When I was growing up I loved fire. I am afraid I still do. I certainly know the downside of fire. It has always been dangerous to life, limb and property. As a child, while playing with my home-made match shooter (an exciting device constructed from two spring clothes-pins), I once accidentally set fire to a wind-brake full of dead and oily Eucalyptus leaves and stored oil-filed smudge pots, and still remember my terror at the result. A couple of years ago the house in Southern California my grandparents lived in and in which my mother and I were born burned down. Southern California, where I lived for many years, is famous for combining “wild” fires with homes (fire is necessary for some of the local plants to release their seeds). And one of the main reasons I left the area in the 1960’s was the air pollution, then caused mainly from non-regulated cars and trucks.
But fire was both comforting and exciting. Our house was heated by a fireplace. My father fortunately arose before the rest of us, and when I awoke in my frigid room, my first act of the day was to grab my clothes and sprint through the house to the fireplace, where I could don them in the warmth of the flames. My grandparents cooked their food on a wood stove, and on cold days my grandmother would happily sit with her feet in the oven and read. And we kids would rake the above-mentioned Eucalyptus leaves into large piles and burn them, breathing in the exotic smell of their smoke and seeing how long we could stand dangerously close to the flames.

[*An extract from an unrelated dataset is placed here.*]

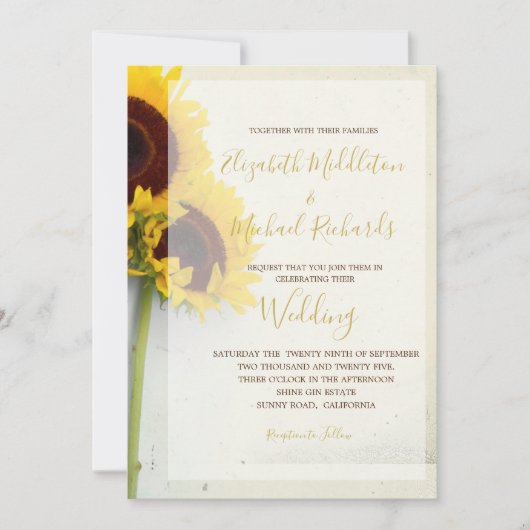 Zonnebloem Rustic Modern Typography Wedding Kaart (Voorkant)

On weekends the owner of the local food and hardware store would take us up to the foothills in his truck and we would build a fire and bake weenies and other food. As I grew older I was trusted with the forge and blowtorch and learned the magic of soldering. welding, and working hot metal. When World War II started, a large steel mill was built near to our house, and I was able to go watch the coke being pushed out of the ovens, the blast furnaces tapped, and the molten metal poured into ingots and then rolled into sheets and structural forms. And even smudging the oranges, a necessary but expensive and difficult job, was exciting to me (the photo is of my father in the light of the burning pots). Later I was to become a fanatic back-packer and grew to love open camp fires. While in the Air Force I had the opportunity to experience the fury of afterburners and the majesty of rocket engines. While working in aerospace, I had an opportunity to witness one of the Apollo launches from close-up, certainly one of the largert and most concentrated fires of all time.
But, the age of "open" fire may have peaked after somewhere between 500,000 and a million years of use by us and our predecessors. This is due to vastly increased populations and population density; appreciation of the finite supply of fuels and their value for usages other than burning; increased sensitivity to damage to our environment, and the development of alternate sources of energy.
And our perceived need for safety and controlling fire seems to grow. The county in which I live has increasingly discouraged wood fires because of particulate emissions, beginning with burning leaves, and now neither allowing fireplaces to be built into new houses, nor allowing existing fireplaces to be lit on an increasing number of days. In fact, after a large number of “spare the air” days last winter, I gave up and succumbed to a gas log, even though I once vowed to leave the area if wood fires were outlawed. Gas logs are convenient, and are somewhat reminiscent of a wood fire, but to me not nearly as satisfying. Leaves and trimmings are hauled away to be mulched, and my farmer friends in the valley are sharply constrained by no-burn days and restrictions on such things as stubble burning in the fields, since the air in the California central valley is fast losing its purity. And industry is certainly feeling the need to further control processes involving fire.
Oh well, I do like clean air. And there are always fireworks (for a while), and I still have my oxy-acetylene welding rig.